Physiologische Veränderungen, die das Gesicht mit 60 prägen

Die Gesichtskonturen verlieren im Laufe der Jahre an Volumen, vor allem im Bereich der Wangen und um die Augen. Gleichzeitig verändert sich die Knochenstruktur, besonders im Mittelgesicht, was eine flachere und weniger definierte Form bewirkt. Weitere wichtige Faktoren sind:

  • Abbau von Kollagen und Elastin, die für Spannkraft und Elastizität sorgen.
  • Volumenverlust im Fettgewebe, insbesondere in den oberflächlichen und tiefen Fettkompartimenten.
  • Verminderte Muskelkontraktilität, was zum Absinken der Gesichtspartien beiträgt.

Diese Veränderungen führen dazu, dass scharfe Stufen im Haar den Blick eher nach unten lenken und so das Absinken betonen.

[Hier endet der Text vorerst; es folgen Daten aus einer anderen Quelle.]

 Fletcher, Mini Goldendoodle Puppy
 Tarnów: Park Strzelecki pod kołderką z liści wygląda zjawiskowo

Wie Stufenfrisuren das Gesicht im Alter beeinflussen

Stufen im Haar erzeugen Kontraste in der Haarlänge, die beim jüngeren Gesicht frisch und lebendig wirken. Bei reiferen Gesichtern kann das jedoch das Gegenteil bewirken. Hier die wichtigsten Punkte, warum sanfte Stufen oft besser funktionieren:

  • Optische Verlängerung vs. Absinken: Scharfe, zu tiefe Stufen können die Wirkung haben, das Gesicht optisch „nach unten zu ziehen“.
  • Volumen und Balance: Das Gesicht braucht Unterstützung durch ein ausgewogenes Volumen, das abrupt gestufte Haare reduzieren können.
  • Dynamik und Bewegung: Sanfte, fließende Stufen lassen das Haar lebendig wirken ohne die Gesichtskonturen zu belasten.

Das Vermeiden von sehr dominanten Stufen ab 60 kann helfen, das natürliche Strahlen zu bewahren und Falten oder hängende Partien weniger hervorzuheben.

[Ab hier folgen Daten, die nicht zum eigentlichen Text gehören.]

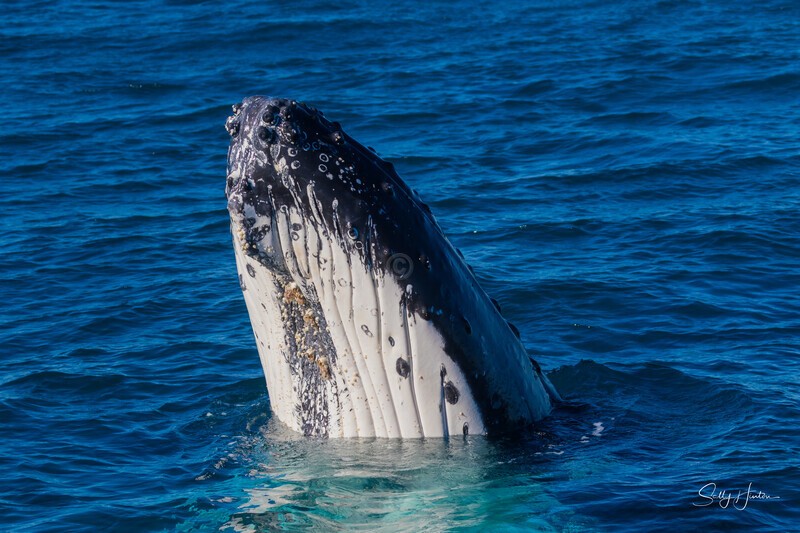 Spy Hop. 0A3A3335 - 2025 Whales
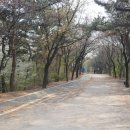 동작충효길 4코스 노량진길 이미지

Praktische Tipps für eine typgerechte Frisur ab 60

Werden Sie zum Expert:innen für Ihren eigenen Look! Mit kleinen Details lässt sich die Frisur so gestalten, dass sie Ihre natürliche Schönheit unterstreicht:

  • Wählen Sie sanfte Übergänge statt harter Stufen, um das Gesicht optisch zu heben.
  • Halten Sie ausreichend Volumen an den Seiten, um Wangen und Kinn zu unterstützen.
  • Setzen Sie auf natürliche Texturen, die Beweglichkeit ins Haar bringen ohne aufzutragen.
  • Vermeiden Sie zu kurze oder sehr harte Stufen, die das Gesicht optisch ziehen könnten.

Individuelle Beratung beim Friseur kann gezielt auf die Anatomie des Gesichts eingehen und passende Schnitt-Techniken empfehlen.

Natürliche Pflege und Stylings für ein jugendliches Aussehen

Pflege und Styling ergänzen den Haarschnitt perfekt, um das Gesicht strahlen zu lassen. Dabei gilt es, die Haarstruktur zu erhalten und die Gesichtszüge sanft zu betonen:

  • Hydratisierende Pflegelinien stärken das Haar und bewahren seine Flexibilität.
  • Leichte Stylingprodukte, die nicht beschweren, sorgen für mehr Volumen und Griffigkeit.
  • Wellige oder leichte Locken setzen durch ihre Bewegung optisch Jugendlichkeit frei.
  • Sanfte Farbakzente können das Gesicht lebendig wirken lassen ohne Härte hinzuzufügen.

Mit einer liebevollen Haarroutine gelingt es, den altersbedingten Veränderungen entgegenzuwirken und ein frisches Erscheinungsbild zu bewahren.